U.S. Secretary of State Hillary Clinton strongly condemned the attack on Tuesday and said she had called Libyan President Mohammed el-Megarif, "to coordinate additional support to protect Americans in Libya."

Clinton expressed concern that the protests might spread to other countries. She said the U.S. is working with "partner countries around the world to protect our personnel, our missions, and American citizens worldwide."

"Some have sought to justify this vicious behavior as a response to inflammatory material posted on the Internet," Clinton said in the statement released by the State Department. "The United States deplores any intentional effort to denigrate the religious beliefs of others.

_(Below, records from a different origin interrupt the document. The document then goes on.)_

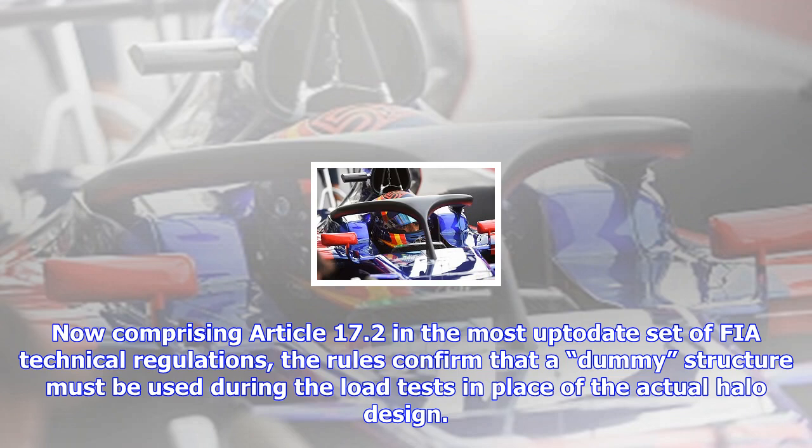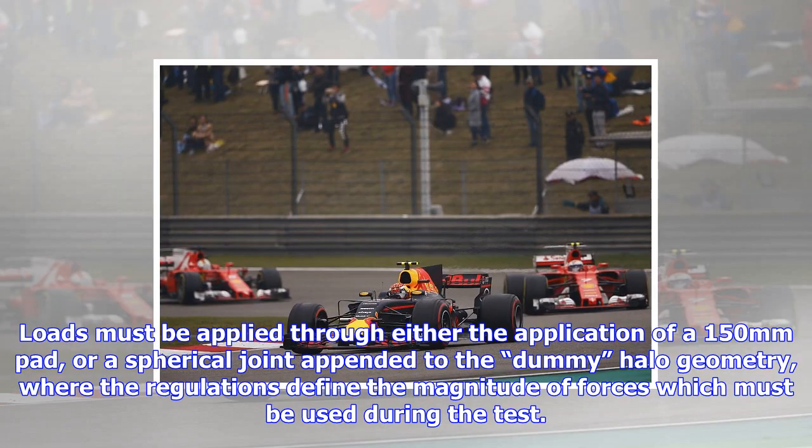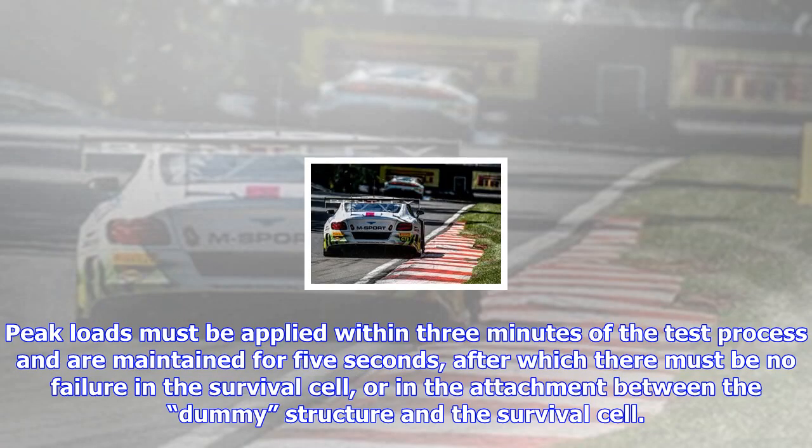Loads must be applied through either the application of a 150mm pad, or a spherical joint appended to the dummy halo geometry, where the regulations define the magnitude of forces which must be used during the test. Peak loads must be applied within three minutes of the test process and are maintained for five seconds, after which there must be no failure in the survival cell or in the attachment between the dummy structure and the survival cell.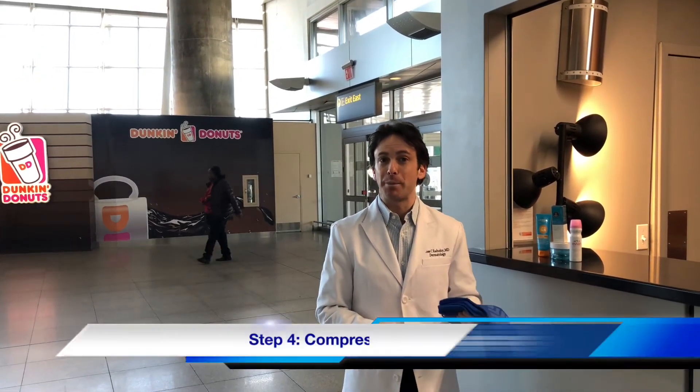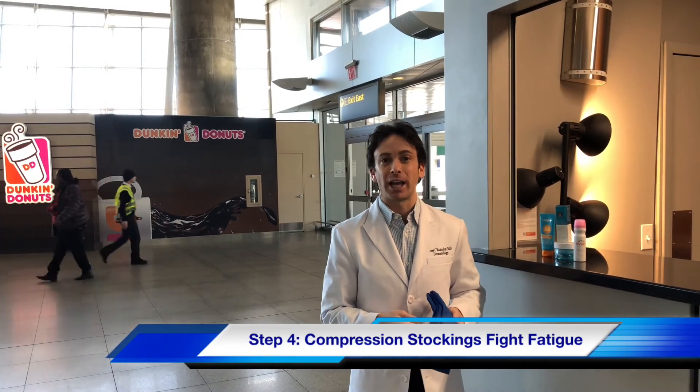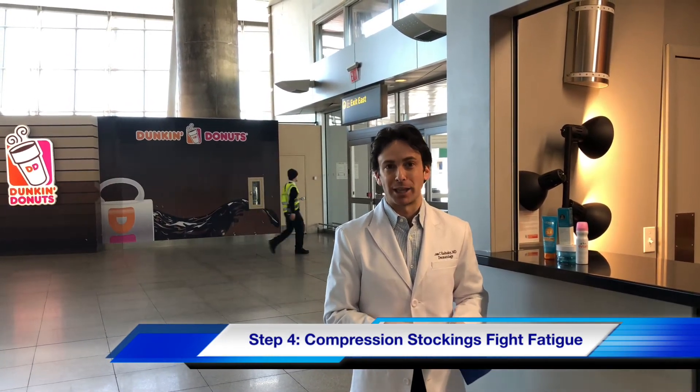Even in a flatbed, your feet will still feel fatigued at the end of the flight. One way to beat that is with compression stockings. Put them on before your flight, and you should feel a lot better by the time you land.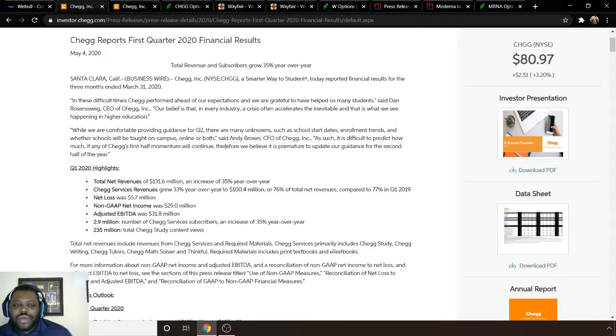Service revenue grew 33% year over year to $100.4 million, or 76% of total net revenue. Net GAAP income was $29.0 million, adjusted EBITDA was $31.8 million. Number of Chegg Services subscribers increased 35% year over year, with 235 million total Chegg study content views. This data is from May, right after the big crash in April, as the market was beginning its trend back up.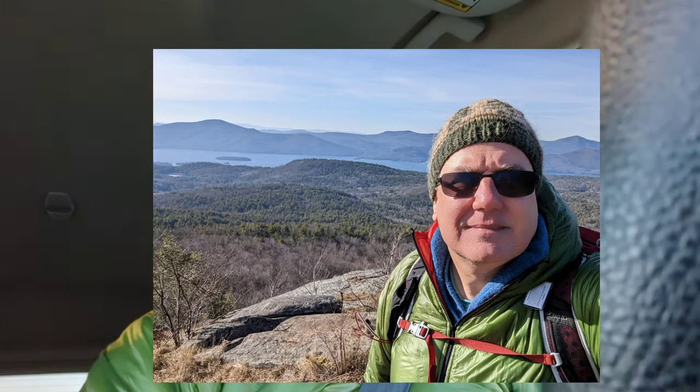Good morning, my YouTube friends. I've decided to resurrect my channel a little bit. I haven't posted anything in a long time on my hiking channel, so I thought I would. This is my birthday trip. It's December 5th, 2022. I turned 56 today.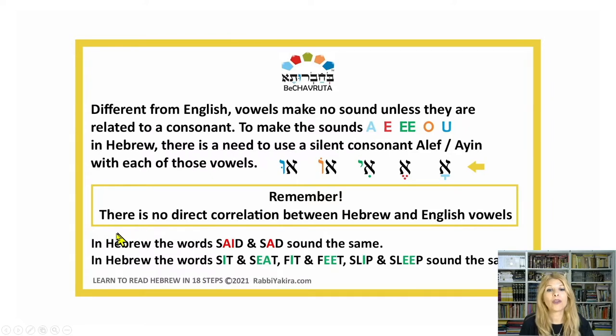Remember, there is no direct correlation between Hebrew and English vowels. For example, in Hebrew the words 'said' and 'sad' sound the same, so someone may say 'I felt said.' In Hebrew, the words sit and seat, fit and feet, slip and sleep sound the same — so someone may say 'Can I sit on this chair?'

Our commitment to religious tolerance goes back to the very beginning of our nation. But let me be clear: There is never any justification for violent acts of this kind."

Sam Bacile, an American citizen who said he produced, directed and wrote the two-hour film, has gone into hiding, The Associated Press reports.

He told the AP from an undisclosed location that he had not anticipated such a furious reaction.

"I feel sorry for the embassy. I am mad," Bacile said.

The incidents also led to an exchange between the campaigns of Republican standard bearer Mitt Romney and President Obama, over the nature of a statement released by the U.S. Embassy in Cairo following the attack there.